Aujourd'hui, ce qui importe, c'est de structurer les équipes autour du juge. Il est donc nécessaire de procéder à une réorganisation structurelle au-delà de la hausse ponctuelle des moyens humains. Les embauches doivent être pérennes. Le recours systématique aux agents contractuels n'est pas la solution, même si les postes sont pérennisés. On constate que certains des agents contractuels ont été recrutés sur des postes de communicants ou pour servir de relais avec les élus locaux. Or, ces postes ne sont pas au coeur de l'action de la justice judiciaire, ce qui peut interroger.
Je ne peux malheureusement pas répondre de manière précise à la question d'Alain Marc sur l'évolution des délais de paiement de l'aide juridictionnelle. Ces délais ont toutefois vocation à s'améliorer avec la mise en place du nouveau système d'information de l'aide juridictionnelle (SIAJ).
Muriel Jourda, vous parlez du paradoxe entre l'allongement des délais de jugement et la diminution des stocks. Vous avez raison : les deux vont de pair. L'allongement des délais de jugement a pour corollaire le vieillissement du stock d'affaires à traiter. Je vous ai donné l'exemple du civil, où le stock a « vieilli » en dix ans, en passant de 13 à 18 mois. Ce que le garde des Sceaux nous a indiqué, c'est que grâce notamment au recrutement de contractuels ces dernières années, ce stock avait commencé à diminuer entre 2021 et 2022, de 13 %. Les dossiers qui restent en stock sont d'ailleurs souvent les plus complexes. Cette situation est d'autant plus préoccupante que la procédure pénale a tendance à se complexifier d'année en année.

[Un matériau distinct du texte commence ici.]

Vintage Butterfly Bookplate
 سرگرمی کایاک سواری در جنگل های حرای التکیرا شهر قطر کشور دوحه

Philippe Bas, il est effectivement nécessaire d'améliorer l'évaluation des besoins de l'institution. Le garde des Sceaux nous a indiqué que le travail sur l'évaluation de la charge de travail des magistrats devrait être achevé avant la fin de l'année. Les magistrats que nous avons entendus sont associés à ce travail et plutôt satisfaits de cette démarche qu'ils appelaient de leurs voeux depuis longtemps. Nous attendons toutefois d'en voir le résultat. En ce qui concerne les greffiers, l'évaluation se fait par le biais d'Outilgreffe, une application qui ne permet qu'une appréciation quantitative et non pas qualitative. Si cet outil a le mérite d'exister, il faudrait aussi pouvoir le faire évoluer.

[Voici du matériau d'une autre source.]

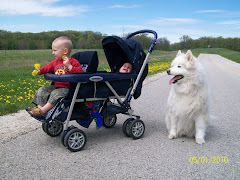 The boys and Mo on their Walk
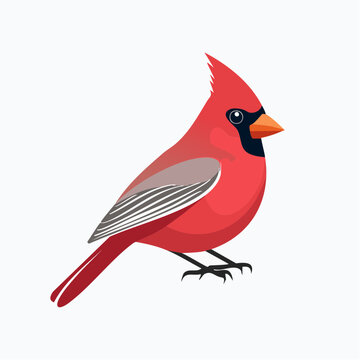 Illustration of a Red Cardinal Bird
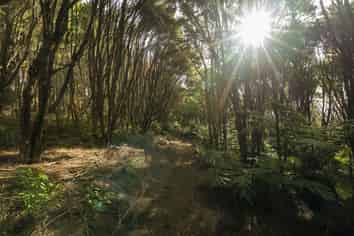 1/20 Taiwawe Lane, Hot Water Beach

Comme vous, nous déplorons chaque année la sous-consommation des crédits d'investissement. Cette situation est liée à la structure même de l'ingénierie du ministère de la justice qui est mauvais gestionnaire de patrimoine et mauvais conducteur de travaux. C'est aussi le cas pour les investissements en informatique, par exemple. Les effectifs des fonctions support sont progressivement renforcés pour disposer de réelles compétences en matière de gestion de projets immobiliers ou informatiques. On nous explique aussi souvent que les projets de construction d'établissements pénitentiaires sont freinés par la résistance des élus locaux mais il s'agit plutôt, à mon sens, d'une incapacité du ministère à prendre en main ces sujets.

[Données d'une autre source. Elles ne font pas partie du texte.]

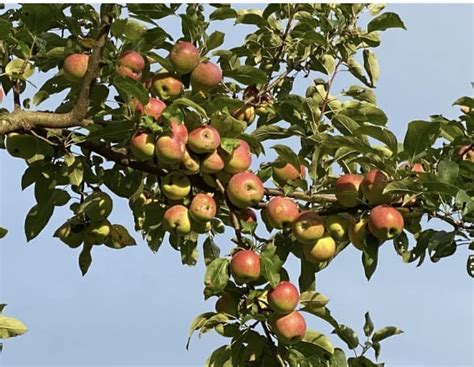 Apple Picking at Douglas Orchard & Farm [09/01/24]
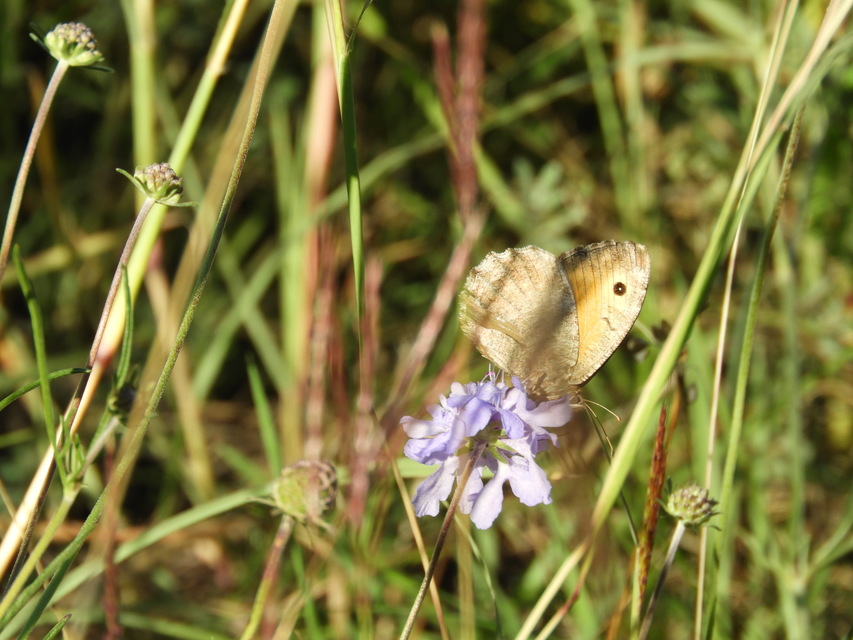Arethusana arethusa - közönséges szemeslepke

Sur la question de la prise en charge des personnes radicalisées dans les établissements pénitentiaires, je laisserai Alain Marc vous répondre car ce sujet relève du budget de l'administration pénitentiaire.
Concernant la formation des étudiants, je partage l'avis de Brigitte Lherbier : il convient de multiplier les liens entre l'institution judiciaire et la formation initiale et continue. Il me semble également indispensable de favoriser l'apprentissage en milieu judiciaire qui en est aujourd'hui complètement absent.